• Exercise
Reproduce all the entries beneath this sentence exactly.

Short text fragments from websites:
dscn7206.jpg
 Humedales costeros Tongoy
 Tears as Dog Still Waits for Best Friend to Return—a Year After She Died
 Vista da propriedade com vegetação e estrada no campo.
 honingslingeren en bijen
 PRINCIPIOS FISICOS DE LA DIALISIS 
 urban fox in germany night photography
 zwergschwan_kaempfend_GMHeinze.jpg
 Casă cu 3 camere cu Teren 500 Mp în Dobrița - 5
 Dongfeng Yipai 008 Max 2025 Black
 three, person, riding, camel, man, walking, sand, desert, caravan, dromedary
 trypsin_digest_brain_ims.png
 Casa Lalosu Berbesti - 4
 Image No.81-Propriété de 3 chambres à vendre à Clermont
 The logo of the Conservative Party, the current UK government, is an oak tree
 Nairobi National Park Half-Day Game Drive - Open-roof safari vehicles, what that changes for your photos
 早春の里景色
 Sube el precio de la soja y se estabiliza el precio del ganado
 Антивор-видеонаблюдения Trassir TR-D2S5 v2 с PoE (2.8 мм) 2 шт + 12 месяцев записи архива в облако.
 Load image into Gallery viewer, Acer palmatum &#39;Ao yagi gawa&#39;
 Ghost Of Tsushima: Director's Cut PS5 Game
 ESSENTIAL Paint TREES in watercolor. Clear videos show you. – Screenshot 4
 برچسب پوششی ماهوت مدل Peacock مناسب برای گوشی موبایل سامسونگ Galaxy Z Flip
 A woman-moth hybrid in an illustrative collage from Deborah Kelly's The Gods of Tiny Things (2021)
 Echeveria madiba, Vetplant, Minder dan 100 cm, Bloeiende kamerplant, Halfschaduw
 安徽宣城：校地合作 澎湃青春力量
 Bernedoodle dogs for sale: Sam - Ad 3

• Reply
dscn7206.jpg
 Humedales costeros Tongoy
 Tears as Dog Still Waits for Best Friend to Return—a Year After She Died
 Vista da propriedade com vegetação e estrada no campo.
 honingslingeren en bijen
 PRINCIPIOS FISICOS DE LA DIALISIS 
 urban fox in germany night photography
 zwergschwan_kaempfend_GMHeinze.jpg
 Casă cu 3 camere cu Teren 500 Mp în Dobrița - 5
 Dongfeng Yipai 008 Max 2025 Black
 three, person, riding, camel, man, walking, sand, desert, caravan, dromedary
 trypsin_digest_brain_ims.png
 Casa Lalosu Berbesti - 4
 Image No.81-Propriété de 3 chambres à vendre à Clermont
 The logo of the Conservative Party, the current UK government, is an oak tree
 Nairobi National Park Half-Day Game Drive - Open-roof safari vehicles, what that changes for your photos
 早春の里景色
 Sube el precio de la soja y se estabiliza el precio del ganado
 Антивор-видеонаблюдения Trassir TR-D2S5 v2 с PoE (2.8 мм) 2 шт + 12 месяцев записи архива в облако.
 Load image into Gallery viewer, Acer palmatum &#39;Ao yagi gawa&#39;
 Ghost Of Tsushima: Director's Cut PS5 Game
 ESSENTIAL Paint TREES in watercolor. Clear videos show you. – Screenshot 4
 برچسب پوششی ماهوت مدل Peacock مناسب برای گوشی موبایل سامسونگ Galaxy Z Flip
 A woman-moth hybrid in an illustrative collage from Deborah Kelly's The Gods of Tiny Things (2021)
 Echeveria madiba, Vetplant, Minder dan 100 cm, Bloeiende kamerplant, Halfschaduw
 安徽宣城：校地合作 澎湃青春力量
 Bernedoodle dogs for sale: Sam - Ad 3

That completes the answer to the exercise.